YOUR OBJECTIVE => When a line below contains the word "British", it counts toward the total; give that total and nothing besides.

MATERIAL PROVIDED =>
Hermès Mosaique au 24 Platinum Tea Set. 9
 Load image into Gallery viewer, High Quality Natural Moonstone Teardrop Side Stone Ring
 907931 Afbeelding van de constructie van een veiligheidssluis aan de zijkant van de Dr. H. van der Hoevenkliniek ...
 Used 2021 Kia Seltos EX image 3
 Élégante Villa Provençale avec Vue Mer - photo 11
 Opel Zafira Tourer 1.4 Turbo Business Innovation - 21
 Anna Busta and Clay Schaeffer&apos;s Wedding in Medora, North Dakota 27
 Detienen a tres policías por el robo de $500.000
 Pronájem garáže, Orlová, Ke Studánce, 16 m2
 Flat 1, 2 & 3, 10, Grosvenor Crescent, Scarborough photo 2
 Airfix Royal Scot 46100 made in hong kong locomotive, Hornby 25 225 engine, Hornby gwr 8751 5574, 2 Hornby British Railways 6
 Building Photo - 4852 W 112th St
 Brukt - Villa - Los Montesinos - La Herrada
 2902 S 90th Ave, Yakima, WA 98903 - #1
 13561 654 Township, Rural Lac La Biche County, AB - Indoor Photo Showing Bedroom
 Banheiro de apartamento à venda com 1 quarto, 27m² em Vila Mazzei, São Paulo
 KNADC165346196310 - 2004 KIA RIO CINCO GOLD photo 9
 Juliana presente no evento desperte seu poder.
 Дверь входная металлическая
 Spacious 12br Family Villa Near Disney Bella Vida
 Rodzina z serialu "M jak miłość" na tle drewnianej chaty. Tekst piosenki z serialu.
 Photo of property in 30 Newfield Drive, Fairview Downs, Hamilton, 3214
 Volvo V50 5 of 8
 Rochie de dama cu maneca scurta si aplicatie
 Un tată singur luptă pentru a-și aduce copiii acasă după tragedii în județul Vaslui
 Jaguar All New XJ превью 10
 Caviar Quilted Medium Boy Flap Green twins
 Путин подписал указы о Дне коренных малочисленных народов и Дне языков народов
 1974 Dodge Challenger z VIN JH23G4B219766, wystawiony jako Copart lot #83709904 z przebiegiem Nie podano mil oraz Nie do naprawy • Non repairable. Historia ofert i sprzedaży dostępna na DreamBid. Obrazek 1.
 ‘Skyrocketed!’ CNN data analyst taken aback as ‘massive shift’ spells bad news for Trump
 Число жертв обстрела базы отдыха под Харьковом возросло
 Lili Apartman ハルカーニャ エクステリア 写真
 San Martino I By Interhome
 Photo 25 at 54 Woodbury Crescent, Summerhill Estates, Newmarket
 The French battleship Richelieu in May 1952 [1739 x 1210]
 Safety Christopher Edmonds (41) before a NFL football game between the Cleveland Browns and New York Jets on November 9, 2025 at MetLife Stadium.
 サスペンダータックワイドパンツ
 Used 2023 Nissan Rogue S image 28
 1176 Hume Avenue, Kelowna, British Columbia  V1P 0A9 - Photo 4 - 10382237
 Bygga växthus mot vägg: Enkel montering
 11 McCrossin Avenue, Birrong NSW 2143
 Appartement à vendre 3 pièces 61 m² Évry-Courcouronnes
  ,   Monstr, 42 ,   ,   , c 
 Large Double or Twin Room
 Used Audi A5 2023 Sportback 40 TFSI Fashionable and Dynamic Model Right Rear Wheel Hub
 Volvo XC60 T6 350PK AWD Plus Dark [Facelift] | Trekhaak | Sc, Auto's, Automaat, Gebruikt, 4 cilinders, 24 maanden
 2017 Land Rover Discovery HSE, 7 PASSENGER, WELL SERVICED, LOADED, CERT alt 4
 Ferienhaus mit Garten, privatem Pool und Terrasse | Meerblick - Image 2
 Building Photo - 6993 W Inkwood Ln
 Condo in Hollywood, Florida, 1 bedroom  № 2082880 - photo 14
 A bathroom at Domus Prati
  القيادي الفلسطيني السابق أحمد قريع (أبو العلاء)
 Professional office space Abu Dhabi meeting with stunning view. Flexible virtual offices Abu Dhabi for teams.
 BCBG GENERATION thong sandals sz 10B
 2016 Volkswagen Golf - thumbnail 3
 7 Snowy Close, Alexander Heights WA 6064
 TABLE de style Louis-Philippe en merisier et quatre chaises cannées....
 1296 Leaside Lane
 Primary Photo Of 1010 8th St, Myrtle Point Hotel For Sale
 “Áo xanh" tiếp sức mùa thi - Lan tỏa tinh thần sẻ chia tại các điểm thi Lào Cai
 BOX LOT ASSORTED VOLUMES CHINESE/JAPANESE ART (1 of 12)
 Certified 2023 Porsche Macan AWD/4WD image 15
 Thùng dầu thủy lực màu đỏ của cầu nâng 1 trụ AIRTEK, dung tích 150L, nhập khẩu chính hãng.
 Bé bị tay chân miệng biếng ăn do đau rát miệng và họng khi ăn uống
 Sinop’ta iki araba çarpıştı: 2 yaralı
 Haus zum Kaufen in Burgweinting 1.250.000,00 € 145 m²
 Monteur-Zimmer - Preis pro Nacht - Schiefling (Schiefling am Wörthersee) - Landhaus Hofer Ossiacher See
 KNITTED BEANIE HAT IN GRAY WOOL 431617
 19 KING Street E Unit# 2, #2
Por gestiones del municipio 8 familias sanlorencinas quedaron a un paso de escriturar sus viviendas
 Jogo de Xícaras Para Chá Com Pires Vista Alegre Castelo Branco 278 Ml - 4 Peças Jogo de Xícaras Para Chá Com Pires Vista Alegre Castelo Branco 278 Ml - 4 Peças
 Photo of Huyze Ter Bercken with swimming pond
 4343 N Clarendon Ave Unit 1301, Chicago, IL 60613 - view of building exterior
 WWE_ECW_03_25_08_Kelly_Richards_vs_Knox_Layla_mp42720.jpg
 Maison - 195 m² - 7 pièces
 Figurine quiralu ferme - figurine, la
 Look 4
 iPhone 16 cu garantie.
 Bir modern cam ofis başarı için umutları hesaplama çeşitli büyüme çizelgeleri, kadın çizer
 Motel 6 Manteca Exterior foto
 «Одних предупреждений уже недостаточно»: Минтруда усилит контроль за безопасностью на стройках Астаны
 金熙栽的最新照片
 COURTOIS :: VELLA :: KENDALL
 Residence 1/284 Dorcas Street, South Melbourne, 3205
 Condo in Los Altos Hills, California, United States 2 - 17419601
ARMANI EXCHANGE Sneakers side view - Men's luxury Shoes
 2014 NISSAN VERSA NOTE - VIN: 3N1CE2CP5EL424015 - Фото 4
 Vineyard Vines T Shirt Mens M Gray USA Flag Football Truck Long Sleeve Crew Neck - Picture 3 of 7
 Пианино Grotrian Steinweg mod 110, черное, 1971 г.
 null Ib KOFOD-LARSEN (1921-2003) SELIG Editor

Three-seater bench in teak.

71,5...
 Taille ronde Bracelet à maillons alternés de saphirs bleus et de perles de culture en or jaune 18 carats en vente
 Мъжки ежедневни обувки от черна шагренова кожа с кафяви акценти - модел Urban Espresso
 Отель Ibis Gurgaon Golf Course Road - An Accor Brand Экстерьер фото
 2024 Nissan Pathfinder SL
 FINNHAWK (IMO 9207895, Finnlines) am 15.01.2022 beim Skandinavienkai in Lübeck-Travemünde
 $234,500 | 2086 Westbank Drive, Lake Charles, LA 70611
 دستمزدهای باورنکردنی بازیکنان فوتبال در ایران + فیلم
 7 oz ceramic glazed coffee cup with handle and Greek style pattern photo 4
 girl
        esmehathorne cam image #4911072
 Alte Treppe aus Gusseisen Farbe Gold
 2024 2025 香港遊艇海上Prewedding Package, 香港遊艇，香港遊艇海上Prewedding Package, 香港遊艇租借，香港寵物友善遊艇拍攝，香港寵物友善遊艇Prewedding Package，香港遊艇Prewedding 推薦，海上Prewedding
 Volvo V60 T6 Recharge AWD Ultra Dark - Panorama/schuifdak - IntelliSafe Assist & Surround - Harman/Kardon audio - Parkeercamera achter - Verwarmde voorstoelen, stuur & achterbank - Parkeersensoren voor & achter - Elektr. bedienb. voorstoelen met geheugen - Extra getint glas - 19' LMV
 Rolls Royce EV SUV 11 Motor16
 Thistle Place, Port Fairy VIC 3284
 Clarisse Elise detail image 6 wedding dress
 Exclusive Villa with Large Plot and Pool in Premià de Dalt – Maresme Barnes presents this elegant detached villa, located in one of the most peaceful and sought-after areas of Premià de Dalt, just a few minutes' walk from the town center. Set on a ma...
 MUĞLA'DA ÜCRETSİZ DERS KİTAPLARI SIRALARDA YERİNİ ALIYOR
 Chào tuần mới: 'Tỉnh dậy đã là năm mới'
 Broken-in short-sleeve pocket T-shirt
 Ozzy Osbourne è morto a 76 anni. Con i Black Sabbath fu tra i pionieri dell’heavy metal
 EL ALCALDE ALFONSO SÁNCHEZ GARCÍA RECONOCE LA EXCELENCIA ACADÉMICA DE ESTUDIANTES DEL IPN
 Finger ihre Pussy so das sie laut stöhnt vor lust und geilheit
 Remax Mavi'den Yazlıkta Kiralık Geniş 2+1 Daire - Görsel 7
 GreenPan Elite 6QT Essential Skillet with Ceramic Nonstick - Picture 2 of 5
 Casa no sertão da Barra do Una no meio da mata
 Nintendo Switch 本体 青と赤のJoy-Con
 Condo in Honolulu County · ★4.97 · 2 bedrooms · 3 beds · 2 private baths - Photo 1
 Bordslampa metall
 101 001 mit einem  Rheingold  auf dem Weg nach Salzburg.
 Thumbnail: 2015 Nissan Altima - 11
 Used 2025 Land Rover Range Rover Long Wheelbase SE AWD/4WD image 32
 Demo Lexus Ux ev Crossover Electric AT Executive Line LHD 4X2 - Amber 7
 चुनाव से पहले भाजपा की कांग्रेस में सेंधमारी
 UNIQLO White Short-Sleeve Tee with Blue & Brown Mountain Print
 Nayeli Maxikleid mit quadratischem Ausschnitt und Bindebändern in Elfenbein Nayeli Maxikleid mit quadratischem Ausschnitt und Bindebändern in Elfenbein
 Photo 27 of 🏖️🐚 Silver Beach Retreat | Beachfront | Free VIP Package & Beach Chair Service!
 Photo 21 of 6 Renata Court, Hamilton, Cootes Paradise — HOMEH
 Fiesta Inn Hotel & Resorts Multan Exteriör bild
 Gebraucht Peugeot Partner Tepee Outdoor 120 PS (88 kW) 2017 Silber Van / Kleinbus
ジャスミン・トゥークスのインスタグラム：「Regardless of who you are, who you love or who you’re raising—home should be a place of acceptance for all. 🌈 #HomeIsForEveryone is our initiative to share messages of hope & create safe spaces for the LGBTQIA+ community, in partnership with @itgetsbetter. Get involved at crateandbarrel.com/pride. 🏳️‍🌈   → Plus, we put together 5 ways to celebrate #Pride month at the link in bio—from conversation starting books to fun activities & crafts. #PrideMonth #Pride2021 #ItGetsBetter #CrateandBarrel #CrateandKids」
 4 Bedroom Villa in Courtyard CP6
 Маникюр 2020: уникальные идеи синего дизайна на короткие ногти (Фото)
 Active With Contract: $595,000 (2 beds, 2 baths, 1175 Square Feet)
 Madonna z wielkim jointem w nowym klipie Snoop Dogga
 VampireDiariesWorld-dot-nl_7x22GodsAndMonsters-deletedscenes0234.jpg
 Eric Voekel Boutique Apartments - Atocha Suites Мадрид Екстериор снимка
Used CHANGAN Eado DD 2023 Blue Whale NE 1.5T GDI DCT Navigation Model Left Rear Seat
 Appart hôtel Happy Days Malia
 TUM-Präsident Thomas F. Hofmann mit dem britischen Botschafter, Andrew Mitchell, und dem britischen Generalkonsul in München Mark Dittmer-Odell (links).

SOLUTION TO THE EXERCISE => 2